[About this exercise] Only lines holding the word "Five" are wanted. Copy them from the listing below.

[Records for this exercise]
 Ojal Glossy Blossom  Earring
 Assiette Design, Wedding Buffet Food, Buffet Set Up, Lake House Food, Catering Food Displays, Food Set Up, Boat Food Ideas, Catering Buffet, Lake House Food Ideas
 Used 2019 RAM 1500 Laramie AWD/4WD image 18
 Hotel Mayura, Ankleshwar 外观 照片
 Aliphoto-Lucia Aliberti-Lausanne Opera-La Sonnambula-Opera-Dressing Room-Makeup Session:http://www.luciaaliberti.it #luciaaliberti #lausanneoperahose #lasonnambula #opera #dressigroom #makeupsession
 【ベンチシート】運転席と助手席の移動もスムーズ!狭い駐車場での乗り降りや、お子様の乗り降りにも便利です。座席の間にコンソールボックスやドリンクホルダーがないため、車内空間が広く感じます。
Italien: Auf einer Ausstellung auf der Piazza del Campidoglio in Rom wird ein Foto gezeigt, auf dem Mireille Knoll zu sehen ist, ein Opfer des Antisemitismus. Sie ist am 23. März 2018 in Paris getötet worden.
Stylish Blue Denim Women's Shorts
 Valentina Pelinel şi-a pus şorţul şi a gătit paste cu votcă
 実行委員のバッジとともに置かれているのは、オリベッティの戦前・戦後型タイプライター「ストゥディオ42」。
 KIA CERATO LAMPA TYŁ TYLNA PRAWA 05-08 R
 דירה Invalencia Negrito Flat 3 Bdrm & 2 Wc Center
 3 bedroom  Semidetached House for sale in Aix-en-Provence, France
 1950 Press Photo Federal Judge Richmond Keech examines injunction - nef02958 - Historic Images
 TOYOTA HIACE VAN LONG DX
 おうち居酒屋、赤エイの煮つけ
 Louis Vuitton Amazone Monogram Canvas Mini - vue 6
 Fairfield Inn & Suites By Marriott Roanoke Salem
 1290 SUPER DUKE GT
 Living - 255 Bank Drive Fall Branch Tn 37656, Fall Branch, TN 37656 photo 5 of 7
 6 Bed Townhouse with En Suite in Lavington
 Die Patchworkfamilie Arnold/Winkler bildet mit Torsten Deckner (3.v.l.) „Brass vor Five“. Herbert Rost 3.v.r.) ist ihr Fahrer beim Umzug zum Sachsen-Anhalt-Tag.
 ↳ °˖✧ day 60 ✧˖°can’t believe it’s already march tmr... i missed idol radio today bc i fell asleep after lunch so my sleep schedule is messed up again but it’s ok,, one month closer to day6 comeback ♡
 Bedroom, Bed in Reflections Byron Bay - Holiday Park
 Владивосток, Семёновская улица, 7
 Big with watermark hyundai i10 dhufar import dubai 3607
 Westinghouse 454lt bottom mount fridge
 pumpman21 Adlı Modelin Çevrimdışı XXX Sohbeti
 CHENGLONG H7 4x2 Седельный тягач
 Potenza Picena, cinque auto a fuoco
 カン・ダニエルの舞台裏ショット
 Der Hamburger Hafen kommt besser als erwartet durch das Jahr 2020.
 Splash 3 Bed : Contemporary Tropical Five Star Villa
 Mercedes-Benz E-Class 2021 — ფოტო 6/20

[Your response]
 Die Patchworkfamilie Arnold/Winkler bildet mit Torsten Deckner (3.v.l.) „Brass vor Five“. Herbert Rost 3.v.r.) ist ihr Fahrer beim Umzug zum Sachsen-Anhalt-Tag.
 Splash 3 Bed : Contemporary Tropical Five Star Villa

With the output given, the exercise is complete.